On Thu, Sep 29, 2016 at 15:51:58 -0300, Eduardo Habkost wrote:
On Thu, Sep 29, 2016 at 04:21:07PM +0200, Jiri Denemark wrote: [...]
Slightly related, I don't think we have a way to list CPU features supported by QEMU over QMP, do we? "-cpu ?" will show them all, but I couldn't find a QMP command that would give me the same list.
device-list-properties should return all the properties you can set. But I recommend that you don't make libvirt set any of the properties in the list unless: 1) you know what it does; or 2) it is returned by a query-cpu-model-expansion call.
The use case was for pre-checking whether all CPU features specified in domain XML are supported by current QEMU binary. What parameters would I need to use for device-list-properties? And would it work with -machine none?
You just need the right QOM type name (in x86 it is "<model>-x86_64-cpu" or "<model>-i386-cpu").

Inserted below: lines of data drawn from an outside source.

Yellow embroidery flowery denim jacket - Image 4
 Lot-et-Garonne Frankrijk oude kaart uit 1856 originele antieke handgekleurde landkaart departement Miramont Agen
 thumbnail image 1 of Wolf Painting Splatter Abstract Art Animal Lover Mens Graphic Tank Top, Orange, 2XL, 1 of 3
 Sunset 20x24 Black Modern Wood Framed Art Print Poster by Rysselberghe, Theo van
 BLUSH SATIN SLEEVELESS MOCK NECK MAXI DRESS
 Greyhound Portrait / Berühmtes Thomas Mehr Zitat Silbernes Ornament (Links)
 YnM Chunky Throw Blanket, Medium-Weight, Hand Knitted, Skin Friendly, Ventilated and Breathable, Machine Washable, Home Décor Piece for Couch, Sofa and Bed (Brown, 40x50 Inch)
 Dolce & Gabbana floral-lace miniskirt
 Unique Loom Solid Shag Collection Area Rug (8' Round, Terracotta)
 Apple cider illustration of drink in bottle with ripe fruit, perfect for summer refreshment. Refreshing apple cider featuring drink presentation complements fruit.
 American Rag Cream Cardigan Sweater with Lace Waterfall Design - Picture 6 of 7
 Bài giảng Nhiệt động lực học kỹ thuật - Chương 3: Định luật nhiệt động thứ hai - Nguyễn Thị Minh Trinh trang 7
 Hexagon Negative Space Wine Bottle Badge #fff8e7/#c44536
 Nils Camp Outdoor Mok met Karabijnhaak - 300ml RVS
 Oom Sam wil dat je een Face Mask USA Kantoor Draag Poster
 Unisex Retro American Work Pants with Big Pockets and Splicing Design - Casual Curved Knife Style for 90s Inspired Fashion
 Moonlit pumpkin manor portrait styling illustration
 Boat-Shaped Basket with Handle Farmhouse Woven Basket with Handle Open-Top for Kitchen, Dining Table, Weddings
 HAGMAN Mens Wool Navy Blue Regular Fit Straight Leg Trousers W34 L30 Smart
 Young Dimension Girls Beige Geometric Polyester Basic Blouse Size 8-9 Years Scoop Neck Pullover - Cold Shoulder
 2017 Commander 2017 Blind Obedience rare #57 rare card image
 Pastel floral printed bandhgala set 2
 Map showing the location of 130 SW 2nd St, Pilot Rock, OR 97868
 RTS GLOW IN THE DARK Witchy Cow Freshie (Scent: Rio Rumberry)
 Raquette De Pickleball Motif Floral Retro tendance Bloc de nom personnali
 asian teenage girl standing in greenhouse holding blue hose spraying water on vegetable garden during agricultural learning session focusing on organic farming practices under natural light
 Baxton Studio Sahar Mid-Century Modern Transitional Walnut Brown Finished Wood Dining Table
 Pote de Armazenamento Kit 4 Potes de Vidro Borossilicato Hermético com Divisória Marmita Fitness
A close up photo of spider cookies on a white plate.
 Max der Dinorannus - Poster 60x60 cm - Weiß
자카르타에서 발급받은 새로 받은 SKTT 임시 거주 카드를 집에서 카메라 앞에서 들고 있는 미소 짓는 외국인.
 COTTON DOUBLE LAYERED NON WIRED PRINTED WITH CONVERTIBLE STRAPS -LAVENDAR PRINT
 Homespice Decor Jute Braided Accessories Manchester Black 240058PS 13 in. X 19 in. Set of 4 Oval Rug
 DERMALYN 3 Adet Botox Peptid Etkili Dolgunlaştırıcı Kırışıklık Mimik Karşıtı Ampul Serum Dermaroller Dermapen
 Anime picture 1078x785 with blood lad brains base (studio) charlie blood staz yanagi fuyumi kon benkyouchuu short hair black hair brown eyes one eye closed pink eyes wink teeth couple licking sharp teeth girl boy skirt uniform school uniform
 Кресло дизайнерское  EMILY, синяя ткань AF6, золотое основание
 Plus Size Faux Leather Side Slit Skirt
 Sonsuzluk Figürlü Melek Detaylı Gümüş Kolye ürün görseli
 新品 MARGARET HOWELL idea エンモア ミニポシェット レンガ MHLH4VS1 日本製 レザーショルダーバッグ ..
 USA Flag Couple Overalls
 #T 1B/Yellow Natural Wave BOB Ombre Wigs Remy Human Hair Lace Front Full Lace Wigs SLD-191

I will send a patch that includes a "qom-type" field in CpuDefinitionInfo (query-cpu-definitions) so you know what's the right QOM type name to query.
Hmm, it doesn't seem to work (I tried both -machine none and -machine pc): (QEMU) device-list-properties typename=SandyBridge-x86_64-cpu {"error": {"class": "GenericError", "desc": "Can't list properties of device 'SandyBridge-x86_64-cpu'"}} Anyway, is the list of properties expected to depend on the CPU model? If not, wouldn't a simple query-cpu-properties returning a list of properties QEMU understands be good enough? The list would be pretty similar to what -cpu ? returns. It would help us provide a better error in case a user asks for a CPU features that is not supported by their QEMU binary, and it would also help us translate the result of query-cpu-model-expansion; as you probably know, we use older spellings for some CPU features (e.g., pclmulqdq vs. pclmuldq).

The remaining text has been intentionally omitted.